=== Begin Enclosure ===
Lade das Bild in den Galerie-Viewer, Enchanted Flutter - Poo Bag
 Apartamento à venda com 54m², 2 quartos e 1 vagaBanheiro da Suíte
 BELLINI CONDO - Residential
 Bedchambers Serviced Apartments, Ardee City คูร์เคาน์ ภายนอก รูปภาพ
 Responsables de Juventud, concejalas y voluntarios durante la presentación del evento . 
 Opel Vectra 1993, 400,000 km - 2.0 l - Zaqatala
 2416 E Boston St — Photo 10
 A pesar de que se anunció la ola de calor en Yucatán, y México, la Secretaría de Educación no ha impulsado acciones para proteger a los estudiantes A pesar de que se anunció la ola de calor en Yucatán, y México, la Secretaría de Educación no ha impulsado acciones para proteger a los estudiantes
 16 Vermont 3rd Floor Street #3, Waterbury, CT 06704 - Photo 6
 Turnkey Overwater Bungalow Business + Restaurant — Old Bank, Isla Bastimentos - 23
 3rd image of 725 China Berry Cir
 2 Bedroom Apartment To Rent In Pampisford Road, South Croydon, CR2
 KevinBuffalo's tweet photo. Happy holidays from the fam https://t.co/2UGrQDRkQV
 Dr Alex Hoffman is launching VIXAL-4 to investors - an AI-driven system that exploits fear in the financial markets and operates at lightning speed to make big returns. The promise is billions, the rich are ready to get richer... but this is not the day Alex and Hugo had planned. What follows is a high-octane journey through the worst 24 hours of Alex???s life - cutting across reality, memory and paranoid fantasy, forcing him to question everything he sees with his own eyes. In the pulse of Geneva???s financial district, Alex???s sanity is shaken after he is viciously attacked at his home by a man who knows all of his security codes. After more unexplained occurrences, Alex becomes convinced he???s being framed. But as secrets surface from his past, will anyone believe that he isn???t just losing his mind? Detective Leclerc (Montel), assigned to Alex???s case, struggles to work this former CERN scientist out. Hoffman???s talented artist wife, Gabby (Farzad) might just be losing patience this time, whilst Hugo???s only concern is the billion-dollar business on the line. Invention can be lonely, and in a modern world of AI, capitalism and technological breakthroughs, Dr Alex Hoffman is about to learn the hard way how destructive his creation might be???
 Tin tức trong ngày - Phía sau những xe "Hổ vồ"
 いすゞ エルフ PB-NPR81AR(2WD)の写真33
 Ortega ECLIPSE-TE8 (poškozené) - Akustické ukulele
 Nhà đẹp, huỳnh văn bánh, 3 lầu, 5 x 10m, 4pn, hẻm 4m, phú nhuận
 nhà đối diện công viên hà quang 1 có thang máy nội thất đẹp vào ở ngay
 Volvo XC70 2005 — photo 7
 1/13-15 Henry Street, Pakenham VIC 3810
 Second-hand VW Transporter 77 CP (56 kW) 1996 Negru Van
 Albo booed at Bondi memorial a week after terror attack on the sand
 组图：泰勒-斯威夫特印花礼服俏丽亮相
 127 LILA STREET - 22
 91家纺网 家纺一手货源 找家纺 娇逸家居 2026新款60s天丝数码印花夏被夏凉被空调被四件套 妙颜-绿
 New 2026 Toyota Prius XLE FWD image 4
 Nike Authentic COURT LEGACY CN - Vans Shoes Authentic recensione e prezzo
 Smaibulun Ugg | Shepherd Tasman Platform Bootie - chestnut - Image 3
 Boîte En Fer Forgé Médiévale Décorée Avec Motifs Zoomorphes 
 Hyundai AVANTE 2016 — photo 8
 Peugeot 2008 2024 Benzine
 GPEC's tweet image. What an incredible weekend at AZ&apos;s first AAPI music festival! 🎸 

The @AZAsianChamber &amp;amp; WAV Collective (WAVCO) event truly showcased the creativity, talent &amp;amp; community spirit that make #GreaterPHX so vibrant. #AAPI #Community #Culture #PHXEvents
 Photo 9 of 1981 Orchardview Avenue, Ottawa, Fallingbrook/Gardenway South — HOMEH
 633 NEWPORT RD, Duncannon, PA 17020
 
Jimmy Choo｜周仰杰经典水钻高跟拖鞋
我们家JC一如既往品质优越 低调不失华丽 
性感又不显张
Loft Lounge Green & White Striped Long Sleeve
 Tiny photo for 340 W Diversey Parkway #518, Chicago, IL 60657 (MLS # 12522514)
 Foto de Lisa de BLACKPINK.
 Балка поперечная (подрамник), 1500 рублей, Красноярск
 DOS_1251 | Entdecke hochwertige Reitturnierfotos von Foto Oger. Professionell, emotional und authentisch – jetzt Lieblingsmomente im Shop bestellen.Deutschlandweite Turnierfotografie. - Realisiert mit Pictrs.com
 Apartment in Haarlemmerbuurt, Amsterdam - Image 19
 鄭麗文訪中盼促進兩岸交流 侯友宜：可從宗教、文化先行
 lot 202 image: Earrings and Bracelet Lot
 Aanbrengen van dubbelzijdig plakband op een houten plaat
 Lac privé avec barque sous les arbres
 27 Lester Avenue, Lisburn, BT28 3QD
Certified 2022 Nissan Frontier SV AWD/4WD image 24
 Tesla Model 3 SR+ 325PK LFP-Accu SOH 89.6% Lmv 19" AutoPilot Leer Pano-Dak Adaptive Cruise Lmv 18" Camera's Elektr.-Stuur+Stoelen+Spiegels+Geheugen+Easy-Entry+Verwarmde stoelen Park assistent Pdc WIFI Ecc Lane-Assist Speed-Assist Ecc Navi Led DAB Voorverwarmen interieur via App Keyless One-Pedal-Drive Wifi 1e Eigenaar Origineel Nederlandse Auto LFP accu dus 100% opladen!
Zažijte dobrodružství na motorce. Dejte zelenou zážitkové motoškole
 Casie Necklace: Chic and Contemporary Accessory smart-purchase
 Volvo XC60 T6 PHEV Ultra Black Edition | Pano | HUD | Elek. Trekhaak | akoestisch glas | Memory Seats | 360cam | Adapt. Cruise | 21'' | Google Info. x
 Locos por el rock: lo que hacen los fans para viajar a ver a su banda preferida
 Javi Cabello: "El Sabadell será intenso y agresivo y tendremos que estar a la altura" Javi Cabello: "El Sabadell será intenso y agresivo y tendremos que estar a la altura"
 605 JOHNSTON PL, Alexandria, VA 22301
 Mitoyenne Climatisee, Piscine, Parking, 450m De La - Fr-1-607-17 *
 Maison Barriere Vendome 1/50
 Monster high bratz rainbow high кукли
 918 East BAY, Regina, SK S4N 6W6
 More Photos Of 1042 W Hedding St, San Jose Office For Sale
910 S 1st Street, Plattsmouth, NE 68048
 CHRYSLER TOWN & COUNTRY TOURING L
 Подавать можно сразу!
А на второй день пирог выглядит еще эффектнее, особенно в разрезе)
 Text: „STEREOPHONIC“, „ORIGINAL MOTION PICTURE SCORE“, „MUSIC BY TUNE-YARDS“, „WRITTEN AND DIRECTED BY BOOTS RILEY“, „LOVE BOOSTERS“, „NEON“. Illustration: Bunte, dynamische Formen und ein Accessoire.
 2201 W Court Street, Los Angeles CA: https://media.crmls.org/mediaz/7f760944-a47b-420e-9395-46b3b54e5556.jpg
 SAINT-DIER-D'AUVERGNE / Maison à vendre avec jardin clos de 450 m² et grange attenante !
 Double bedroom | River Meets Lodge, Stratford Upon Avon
=== End Enclosure ===
■ TASK STATEMENT
Scan the material and collect every line that contains "Foto".

■ RESULT FOR THIS EXERCISE
 Foto de Lisa de BLACKPINK.
 DOS_1251 | Entdecke hochwertige Reitturnierfotos von Foto Oger. Professionell, emotional und authentisch – jetzt Lieblingsmomente im Shop bestellen.Deutschlandweite Turnierfotografie. - Realisiert mit Pictrs.com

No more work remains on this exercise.